Externalising Alfresco Configuration – One Step further
Rich Hart, Consultant, Tuesday 12th July 2011
It is good practice to externalise configuration, to allow for changes to be more flexible, and remove the requirement of code changes, compile and redeploy.
For example it’s not good practice to have a hard coded batch size which determines the size of batches of transfers between two Alfresco instances. Also, how often does it happen where a customer states they’d like everything to be batched in groups of x, to then, later down the line say they would now like it to be y.
Taking this one step further, the first stage is to externalise via spring context and bean properties. The next stage is to access these properties via JMX using Managed Beans, which Alfresco has good support for. The benefit being; if a large production system needs to minimise down time, you can make configuration changes on the fly without the requirement of a server restart. The only gotcha to this, is to ensure that you persist the changes (if permanent) in the relevant context/property files, as when a server restart eventually comes round, you will lose your JMX configuration settings.Here is how to do it:
Some standard spring bean for concrete pojo class Batch with a property “batchSize”:
<bean id ="someBeanForBatch" class="com.some.bean.impl.Batch">
<property name="batchSize" value="100"/>
</bean>
Create a Managed Bean class that exposes this property value by injecting its bean reference:
package com.some.management.impl;
import org.alfresco.enterprise.repo.management.MBeanSupport;
import org.springframework.jmx.export.annotation.ManagedAttribute;
import org.springframework.jmx.export.annotation.ManagedResource;
import com.some.bean.impl.Batch;
@ManagedResource
public class BatchConfigMBean extends MBeanSupport {
private Batch batch;
@ManagedAttribute(description = "Set the default batch size")
public void setBatchSize(String newBatchSize) {
if (newBatchSize != null) {
batch.setBatchSize(newBatchSize);
}
}
@ManagedAttribute(description = "Get the default batch size")
public String getBatchSize() {
return batch.getBatchSize();
}
public void setBatch(Batch batch) {
this.batch = batch;
}
public Batch getBatch() {
return batch;
}
}
Now create the bean for the MBean config class:
<bean id="batchMBean" class="com.some.management.implBatchConfigMBean">
<property name="batch" ref="someBeanForBatch" />
</bean>
Now reference the MBean in the JMX Exporter, so that it will appear in the JMX Console window under the following MBean path Alfresco -> ProjectBatch -> Batch Size Config.
<bean id="bmiJmxExporter" class="org.springframework.jmx.export.MBeanExporter">
<property name="assembler" ref="assembler"/>
<property name="beans">
<map>
<entry key="Alfresco:Name=ProjectBatch,Type=Batch Size Config" value-ref="batchMBean"/>
</map>
</property>
</bean>
<bean id="jmxAttributeSource" class="org.springframework.jmx.export.annotation.AnnotationJmxAttributeSource"/>
<bean id="assembler" class="org.springframework.jmx.export.assembler.MetadataMBeanInfoAssembler">
<property name="attributeSource" ref="jmxAttributeSource"/>
</bean>
Thats it.
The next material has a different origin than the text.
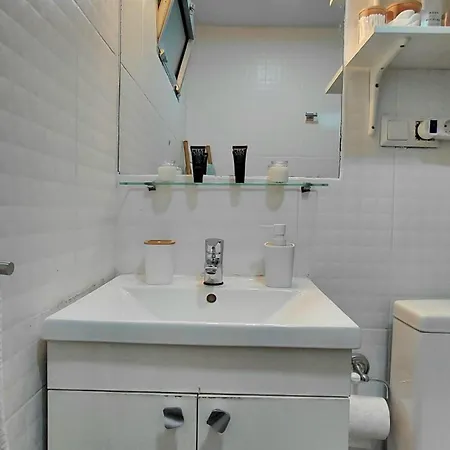 Torremolinos Beach Apartment *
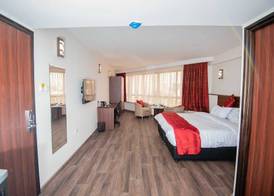 The Crossroads Hotel, Westlands 5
You are now ready to rebuild, and using a tool such as JConsole you can connect to JMX port and view and set the batchSize property.








Comments
Comment 1
Jamen said:
This is very handy. But I would actually say that what would be very useful is if you could bootstrap the spring configuration properties the first time into a database (or some other registry that could even be on the file system). The JMX console allows you to directly modify the value there. Some installations shouldn't have these system admin type configuration properties being part of a build in source control to be built and distributed.